WORK ITEM: Every record below must be retyped exactly, with the pictures left out.

EXTRACTED RECORDS:
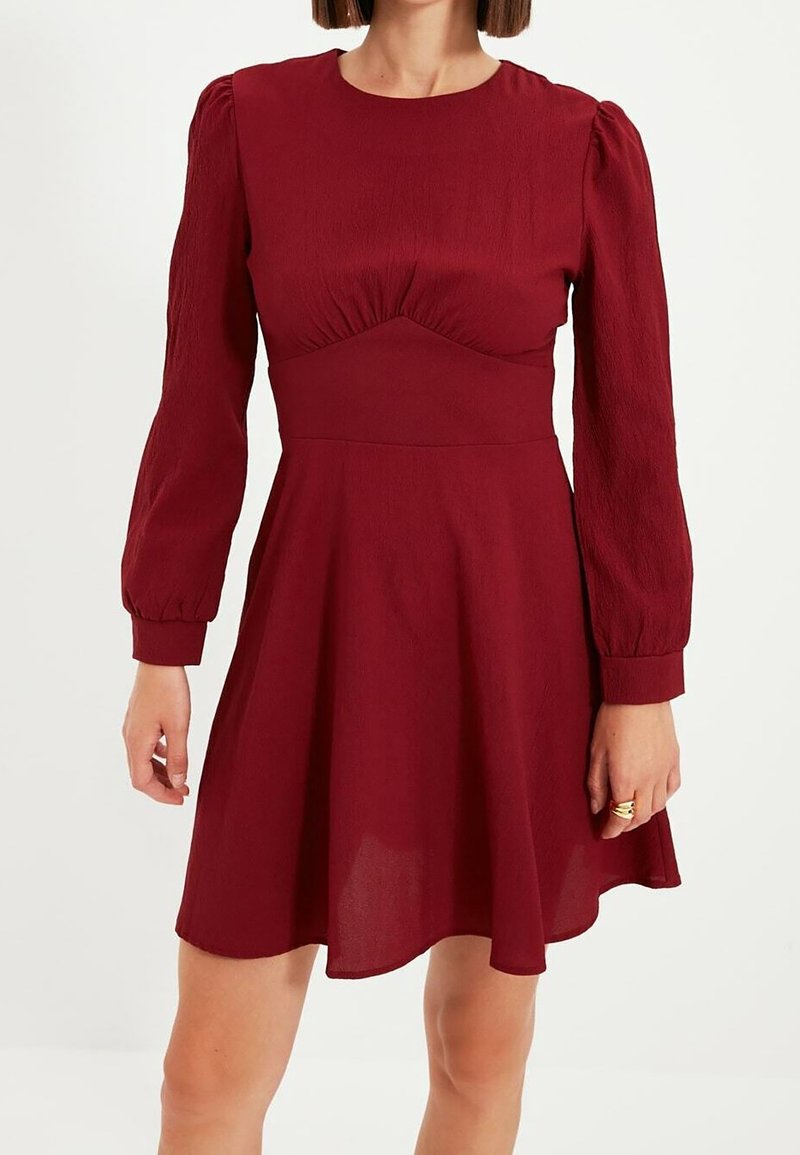 Burgundy klänning med figursydd överdel, puffärmar och utsvängd kjol. Tillverkad av strukturerad tyg med en slät finish.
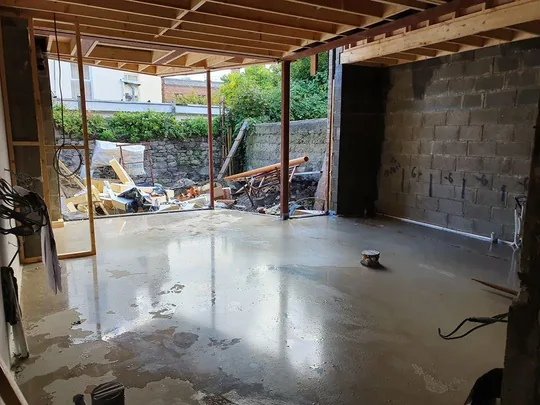 Freshly poured concrete floor and exposed block walls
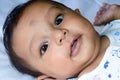 Close up face of cute newborn baby boy smiling in happy mood posing at camera. One month old Sweet little infant toddler Closeup Royalty Free Stock Photo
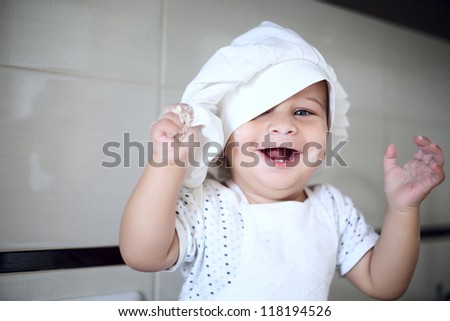 happy cute little baby in a cook cap laughs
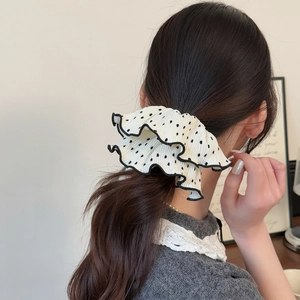Nahaufnahme eines plissierten Polka-Dot-Haargummis mit schwarzer Rüschenkante am Zopf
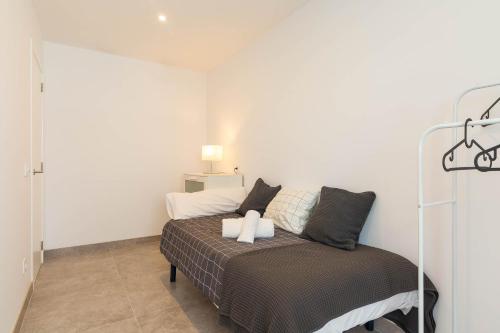 a bedroom with a bed in a white room at Es descans in Can Picafort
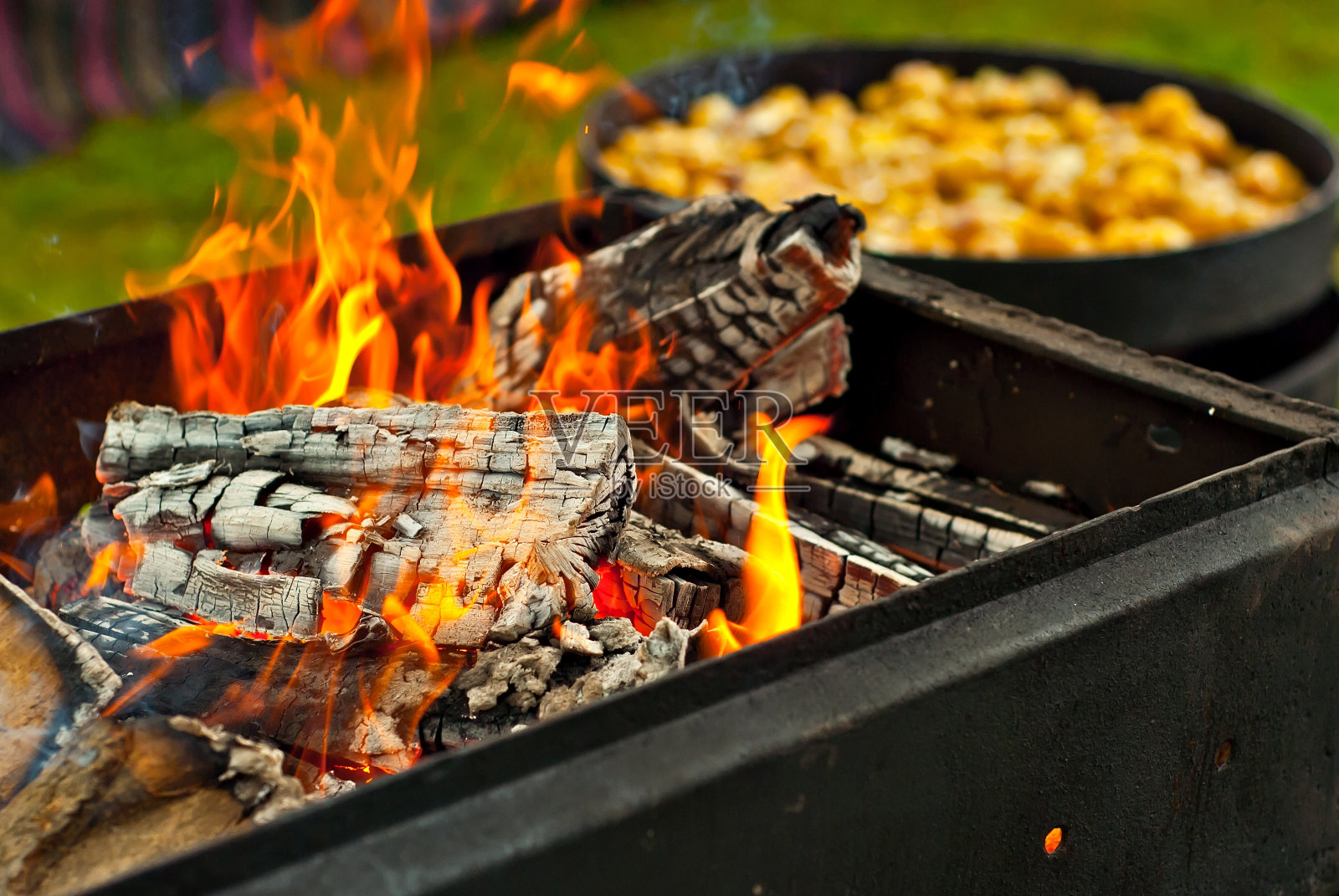 用大锅烤土豆。节日里的美味食物。灶台边的田野厨房。又圆又嫩的土豆在油里炸。清晰度着火了。照片摄影图片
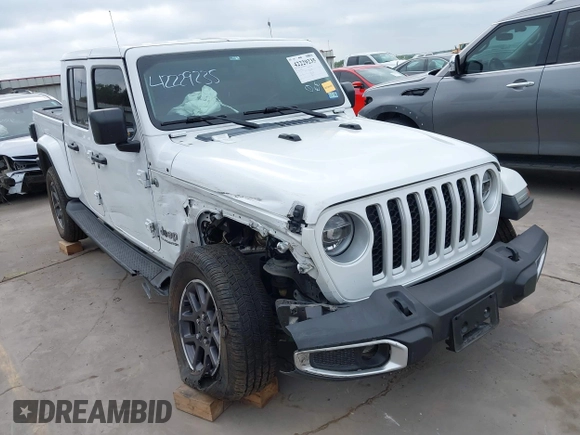 2021 Jeep Gladiator High Altitude with VIN 1C6HJTFG8ML551570, listed as a IAAI auction lot 42229235 with 56,959 mi miles and . Bid and sale history available at DreamBid. Image 6.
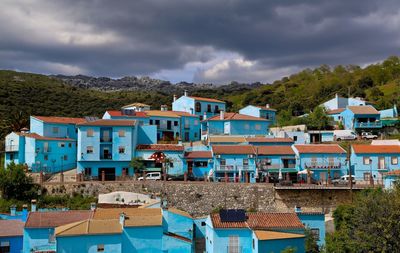 Houses in town against cloudy sky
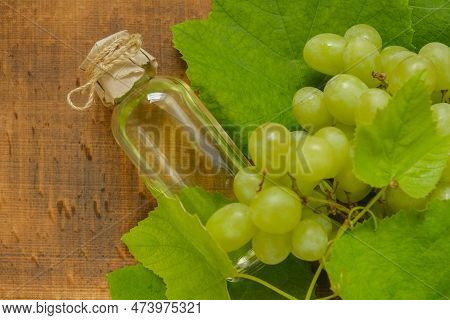 Grape Oil On Wooden Background.oil Bottle And Bunch Of Green Grapes.base Cosmetic Oil For Massage An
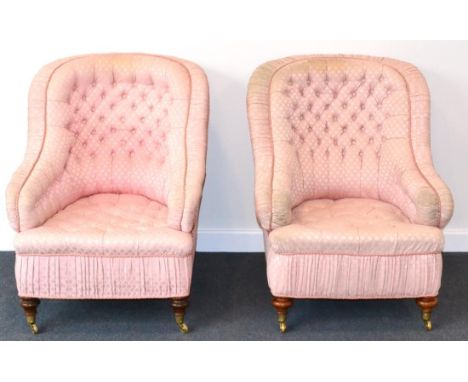 A Pair of Victorian Tub Shaped Upholstered Armchairs, recovered in pink button back fabric, with rounded arm supports, button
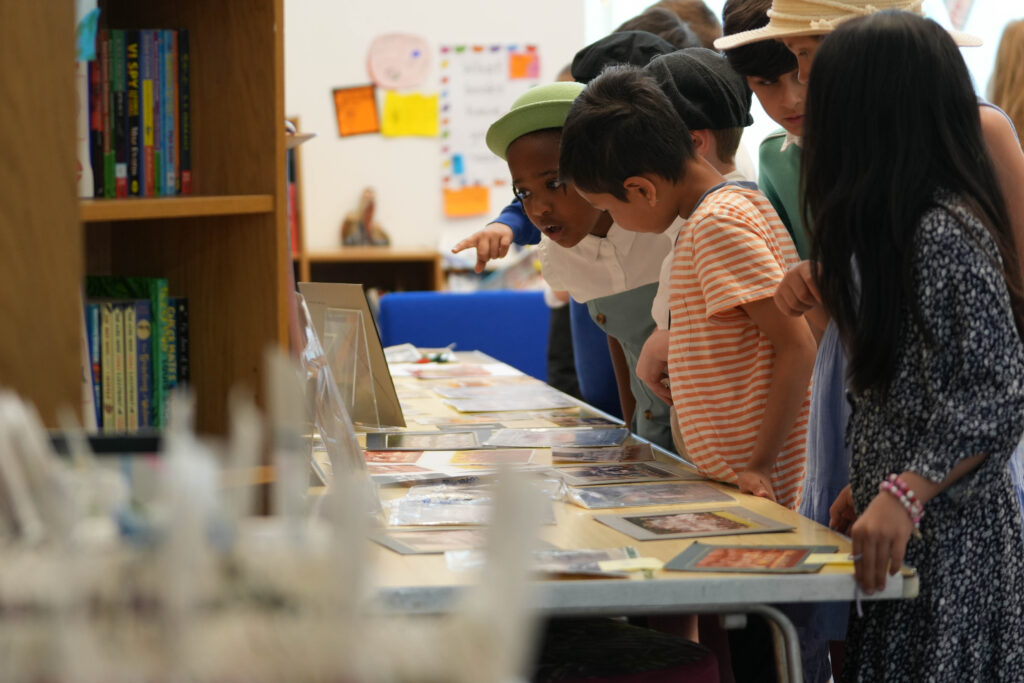 Children are looking at historical documents or photographs displayed on a table. This is likely an exhibition or display designed to educate them about the school's history.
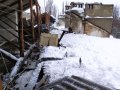 Из-за обильного снегопада в Горловке обрушились кровли многоэтажных домов,  повалены деревья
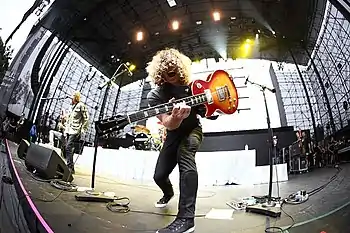 Adam Latiff performing with Puddle of Mudd in 2011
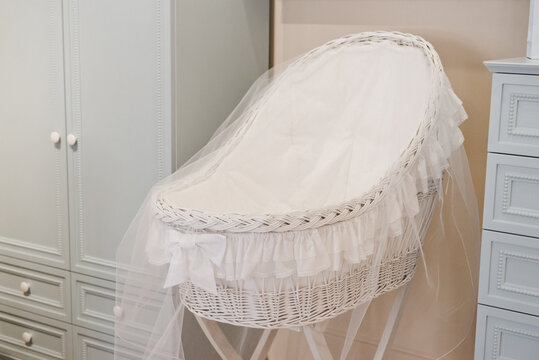 White traditional old fashioned wicker baby crib cot . Vintage baby wicker. Nice Wicker cradle for a newborn. Baby room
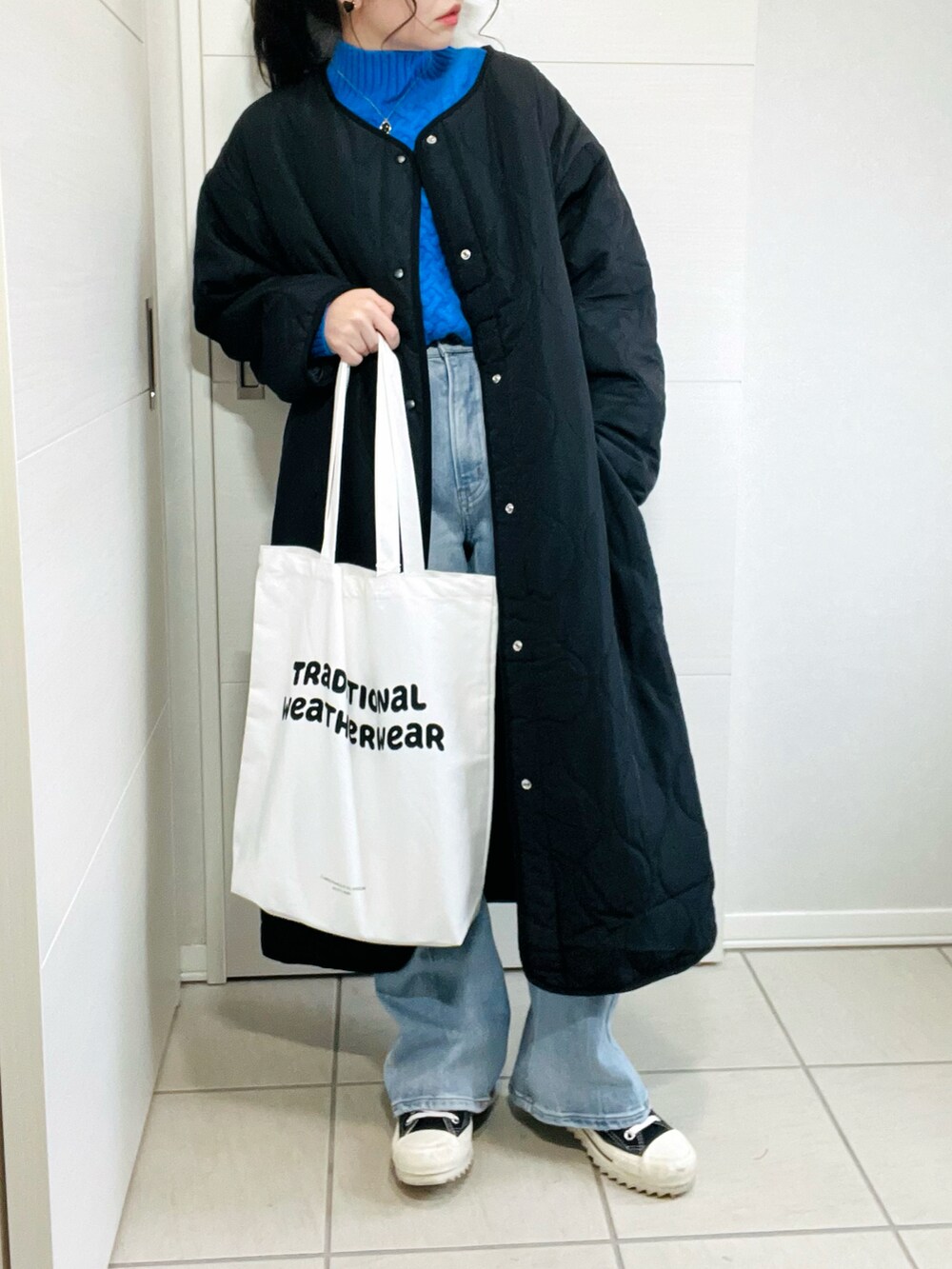 ブラック系のノーカラーコート、ブルー系のニット/セーター、ブルー系のデニムパンツを着用したレディースの秋コーディネートの3枚目の写真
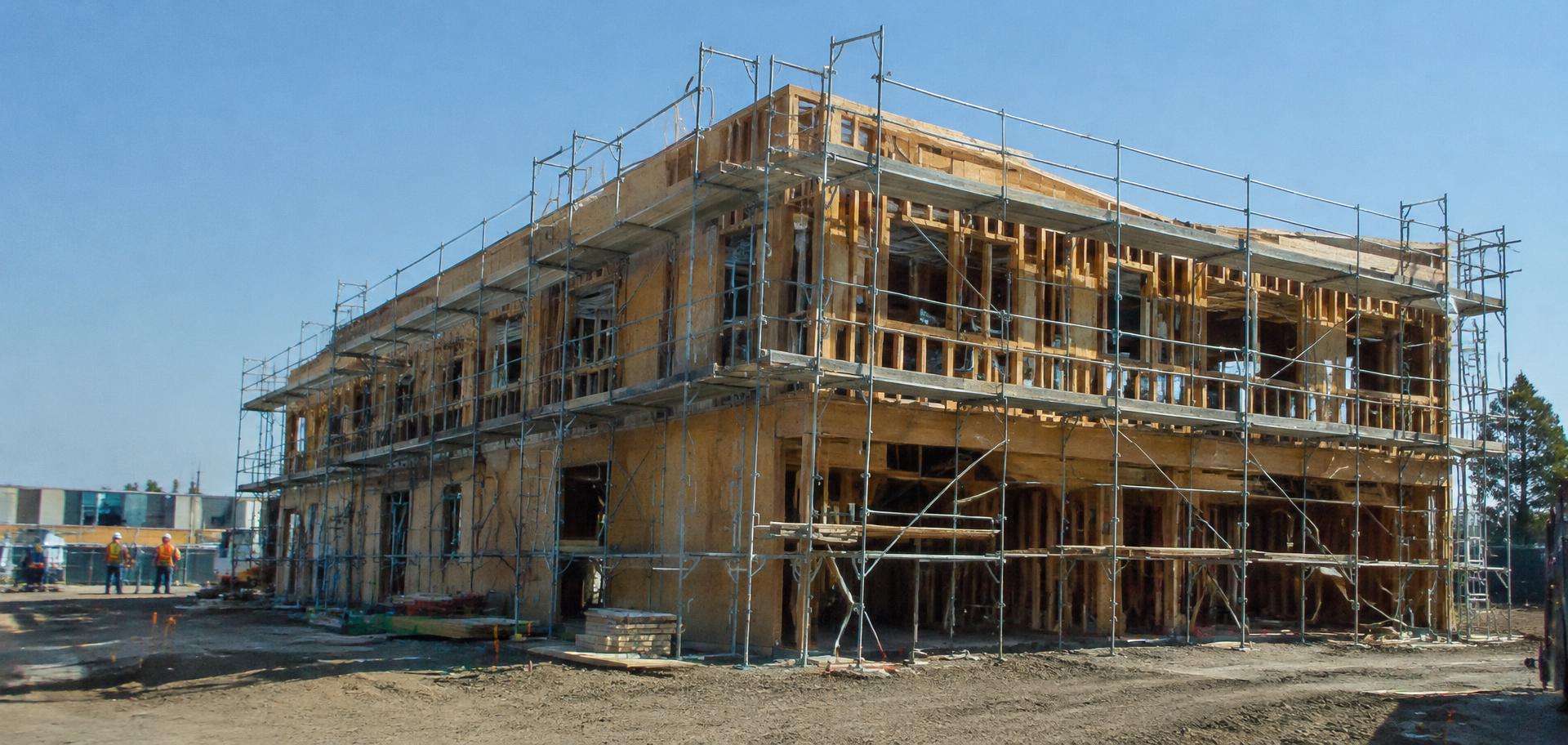 Two-story commercial building framed and wrapped in scaffolding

RESPONSE:
 Burgundy klänning med figursydd överdel, puffärmar och utsvängd kjol. Tillverkad av strukturerad tyg med en slät finish.
 Freshly poured concrete floor and exposed block walls
 Close up face of cute newborn baby boy smiling in happy mood posing at camera. One month old Sweet little infant toddler Closeup Royalty Free Stock Photo
 happy cute little baby in a cook cap laughs
Nahaufnahme eines plissierten Polka-Dot-Haargummis mit schwarzer Rüschenkante am Zopf
 a bedroom with a bed in a white room at Es descans in Can Picafort
 用大锅烤土豆。节日里的美味食物。灶台边的田野厨房。又圆又嫩的土豆在油里炸。清晰度着火了。照片摄影图片
 2021 Jeep Gladiator High Altitude with VIN 1C6HJTFG8ML551570, listed as a IAAI auction lot 42229235 with 56,959 mi miles and . Bid and sale history available at DreamBid. Image 6.
 Houses in town against cloudy sky
 Grape Oil On Wooden Background.oil Bottle And Bunch Of Green Grapes.base Cosmetic Oil For Massage An
 A Pair of Victorian Tub Shaped Upholstered Armchairs, recovered in pink button back fabric, with rounded arm supports, button
 Children are looking at historical documents or photographs displayed on a table. This is likely an exhibition or display designed to educate them about the school's history.
 Из-за обильного снегопада в Горловке обрушились кровли многоэтажных домов,  повалены деревья
 Adam Latiff performing with Puddle of Mudd in 2011
 White traditional old fashioned wicker baby crib cot . Vintage baby wicker. Nice Wicker cradle for a newborn. Baby room
 ブラック系のノーカラーコート、ブルー系のニット/セーター、ブルー系のデニムパンツを着用したレディースの秋コーディネートの3枚目の写真
 Two-story commercial building framed and wrapped in scaffolding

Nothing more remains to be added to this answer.